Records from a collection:
□ □ □ □ □

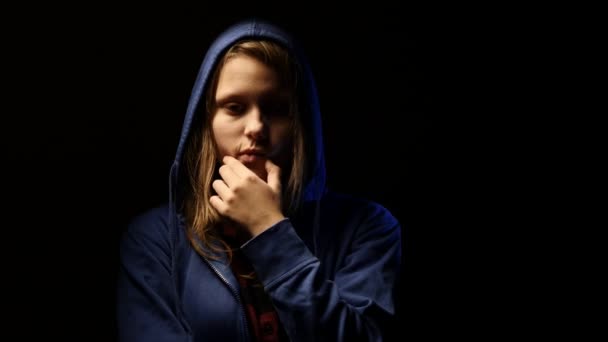 Stressed teen girl fear of something. 4K — Stock Video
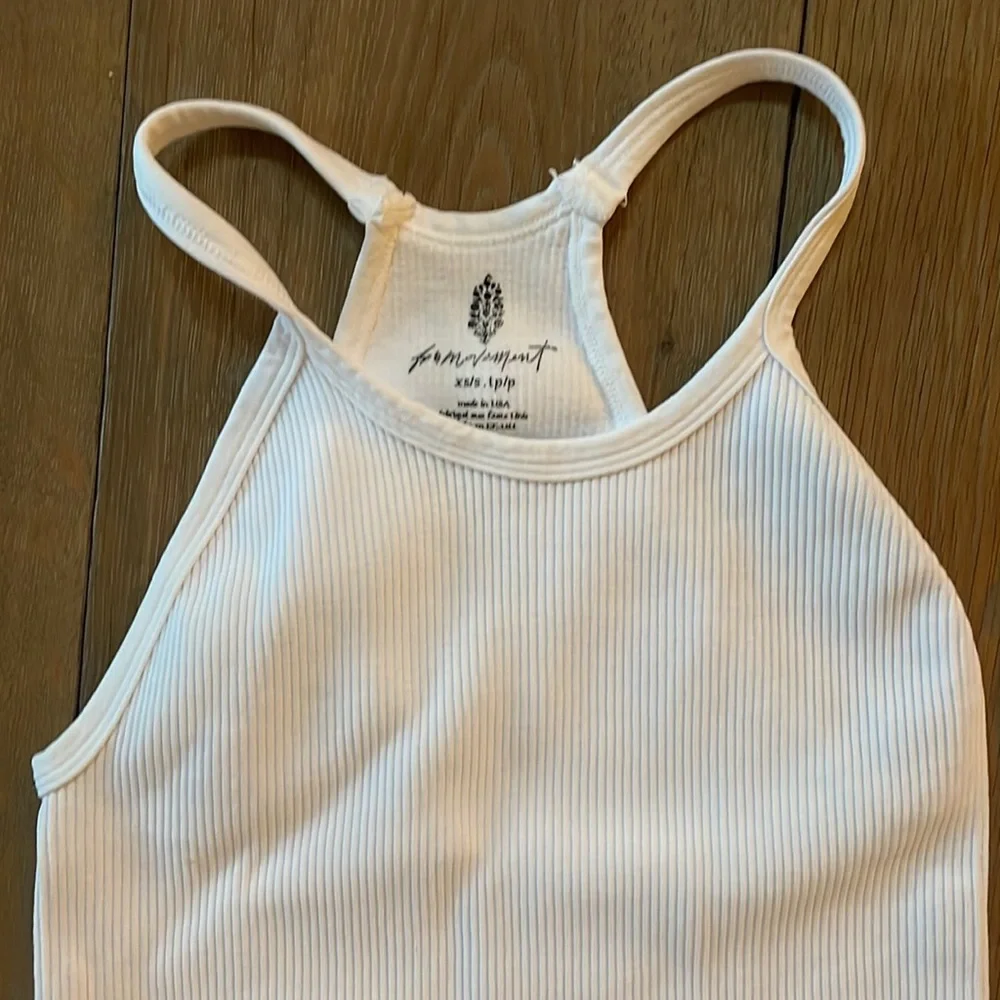 NWOT Free People Happiness Runs Crop- Set of 2 - Picture 3 of 13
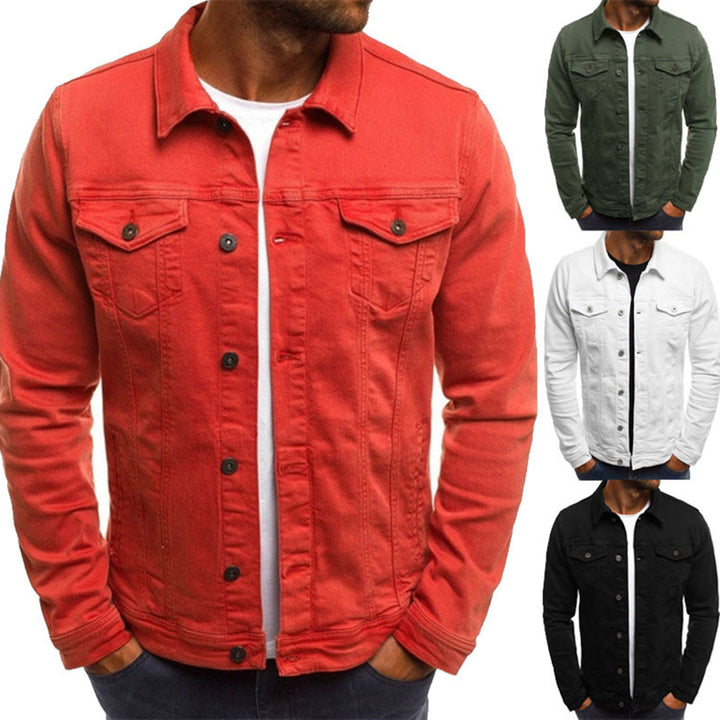 Rode denim herenjas met knopen, borstzakken en lange mouwen. Verkrijgbaar in rood, groen, wit en zwart. Stijlvolle casual herenkleding.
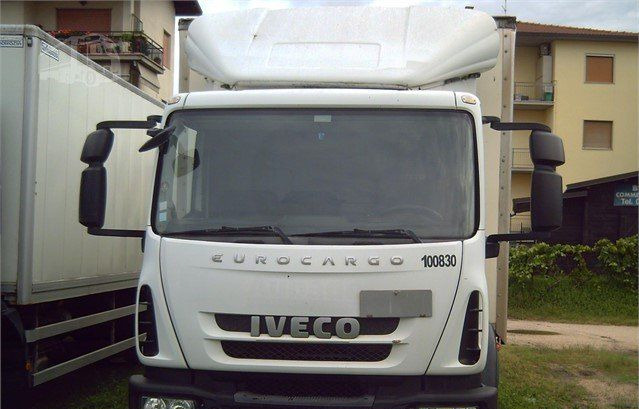 Iveco EUROCARGOeurocargo 150e22 - Грузовик с закрытым кузовом: фото 2 Iveco EUROCARGOeurocargo 150e22 - Грузовик с закрытым кузовом: фото 2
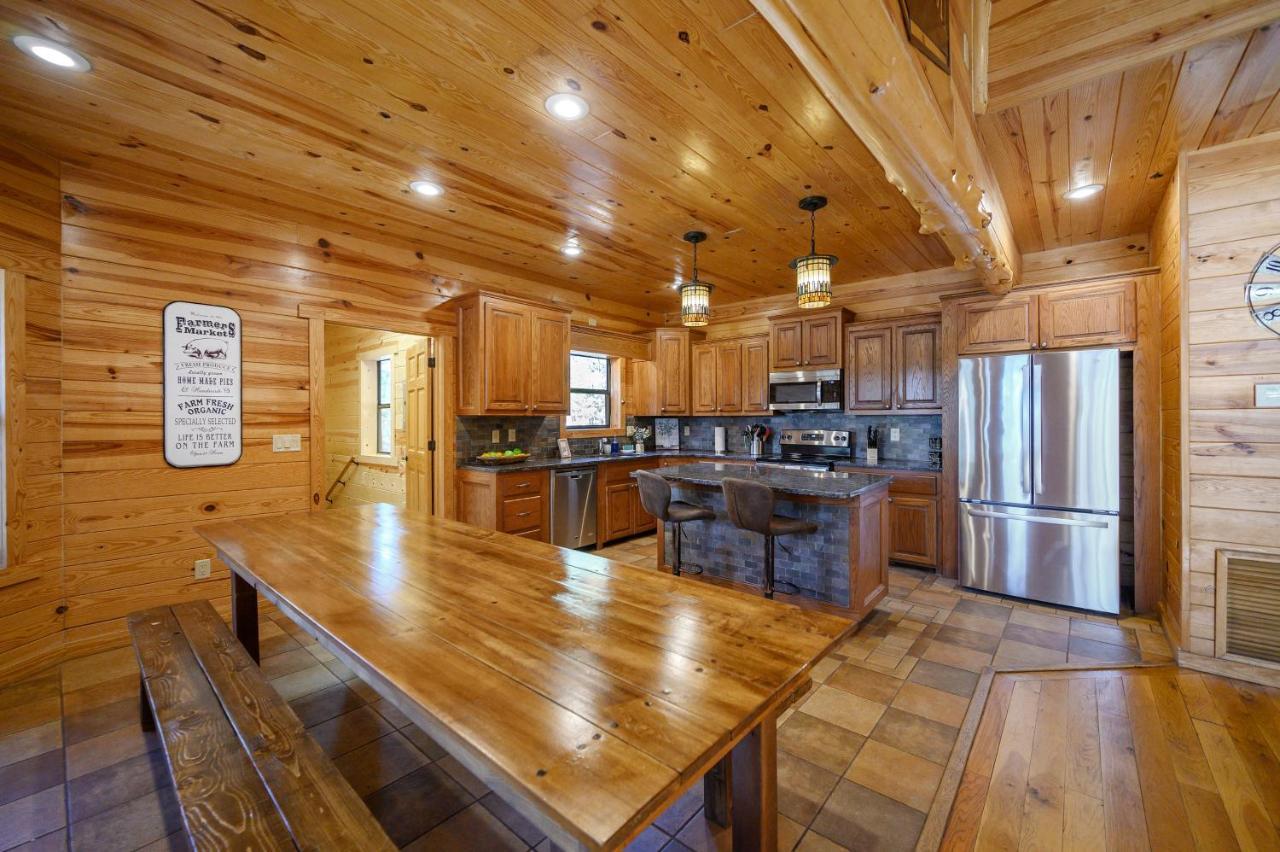 The Eastwood Spacious Retreat With 4 King En-Suites - Hot Tub - Pet-Friendly - Cozy Fire Pit - Prime Location - Multi-Family Broken Bow Esterno foto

□ □ □ □ □

§ TASK GOAL:
Write back word for word every line in the entries above from the one with "NWOT Free People" to the one with "фото 2 Iveco", ends included, and none of the pictures.

§ ANSWER TO THE PROBLEM:
 NWOT Free People Happiness Runs Crop- Set of 2 - Picture 3 of 13
 Rode denim herenjas met knopen, borstzakken en lange mouwen. Verkrijgbaar in rood, groen, wit en zwart. Stijlvolle casual herenkleding.
 Iveco EUROCARGOeurocargo 150e22 - Грузовик с закрытым кузовом: фото 2 Iveco EUROCARGOeurocargo 150e22 - Грузовик с закрытым кузовом: фото 2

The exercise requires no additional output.